DIRECTIONS FOR THIS TASK.
After locating the line that contains "Extraterrestre Autocollant Grandpa", transcribe exactly that line and each one after it until the data ends, skipping pictures.

[Short web captions]
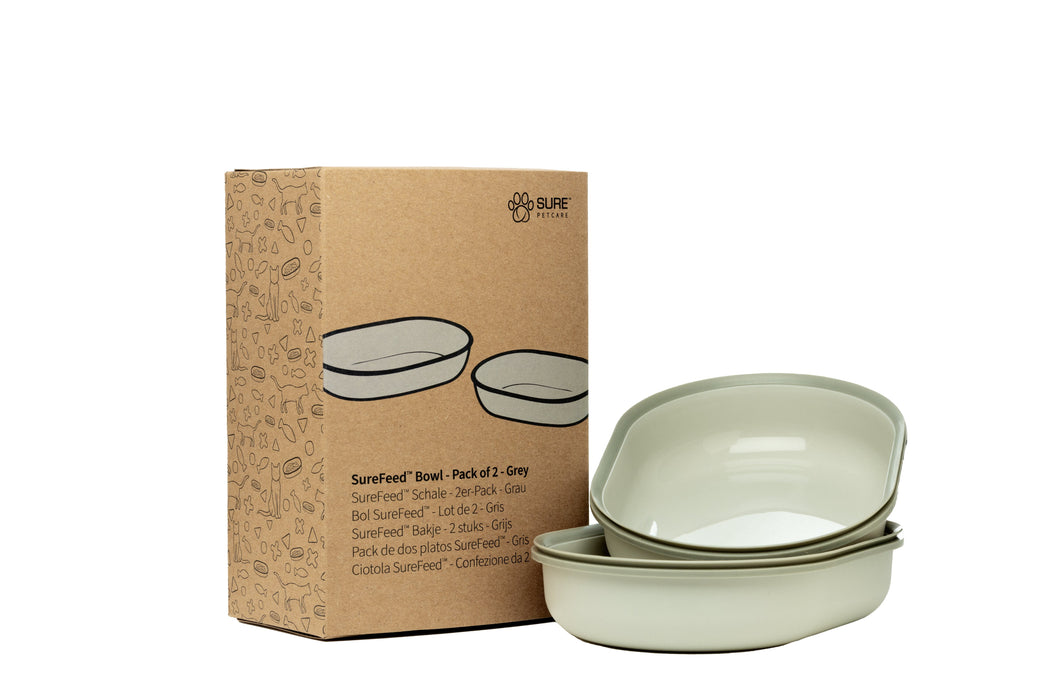 SureFeed Bowl, 2pk Color Grey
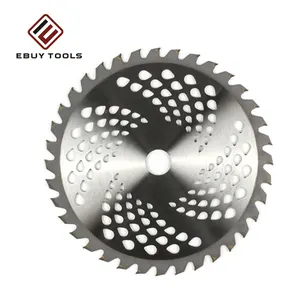 10 inch 255mm TCT Circular Saw Blade for Cutting Grass with 40 teeth Alloy brush cutter blade for Grass Trimmer
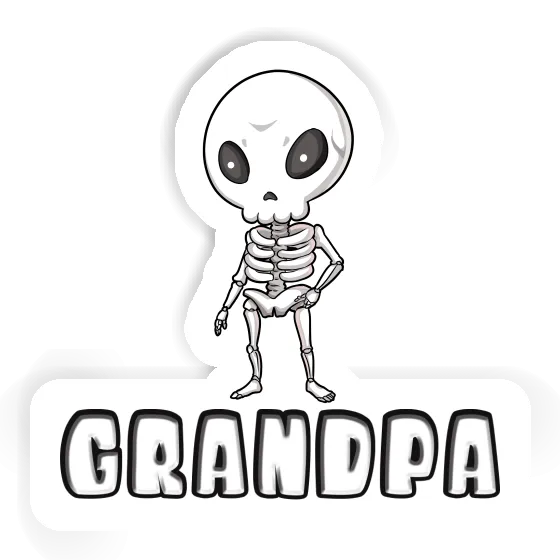 Extraterrestre Autocollant Grandpa Laptop Image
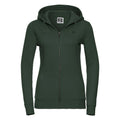 Felpa Ladies Authentic con zip -  cappuccio verde / XS - personalizzabile con logo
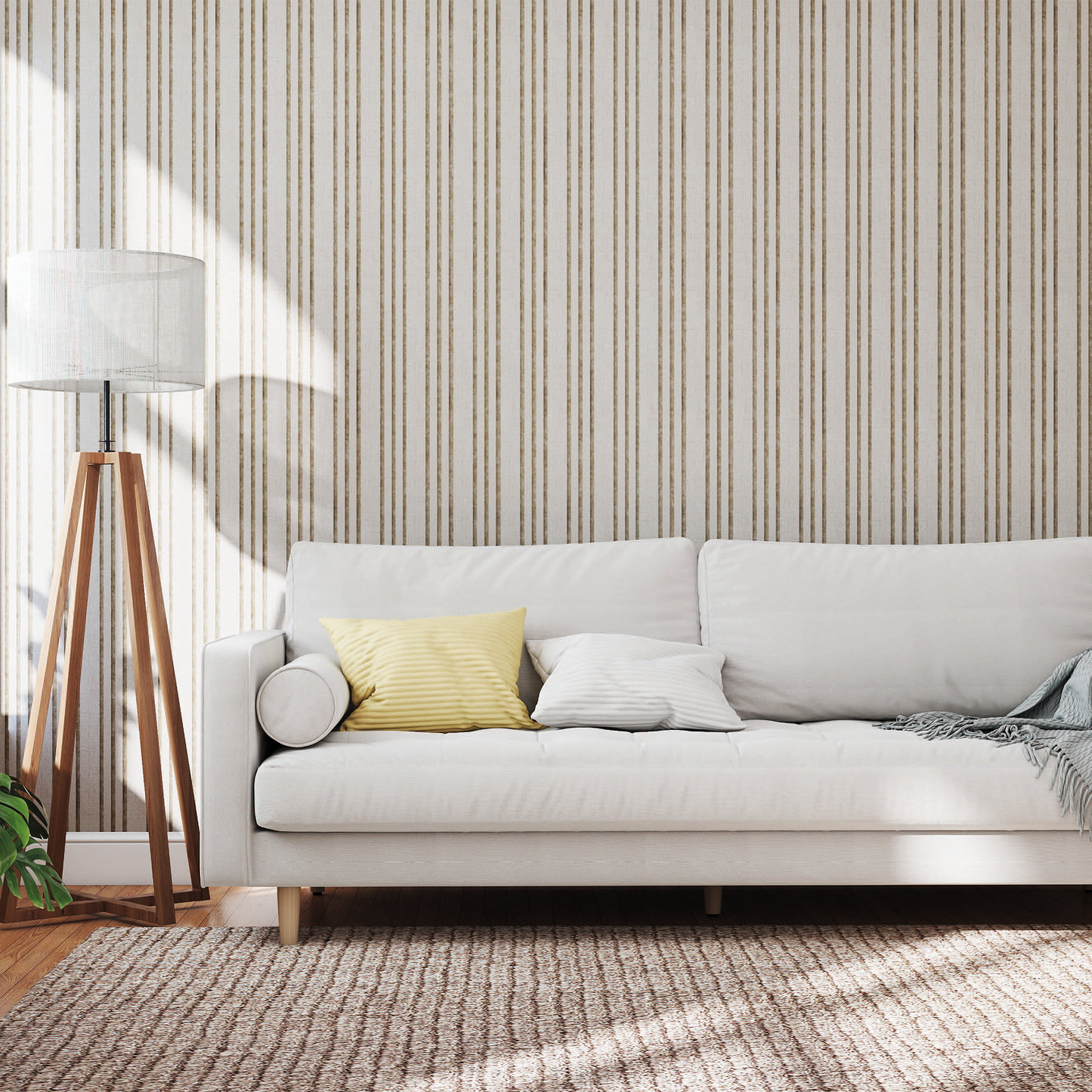 Akoestische panelen  270 x 60 x 2.2 cm - Linnen on Beige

TASK OUTPUT.
 Extraterrestre Autocollant Grandpa Laptop Image
 Felpa Ladies Authentic con zip -  cappuccio verde / XS - personalizzabile con logo
 Akoestische panelen  270 x 60 x 2.2 cm - Linnen on Beige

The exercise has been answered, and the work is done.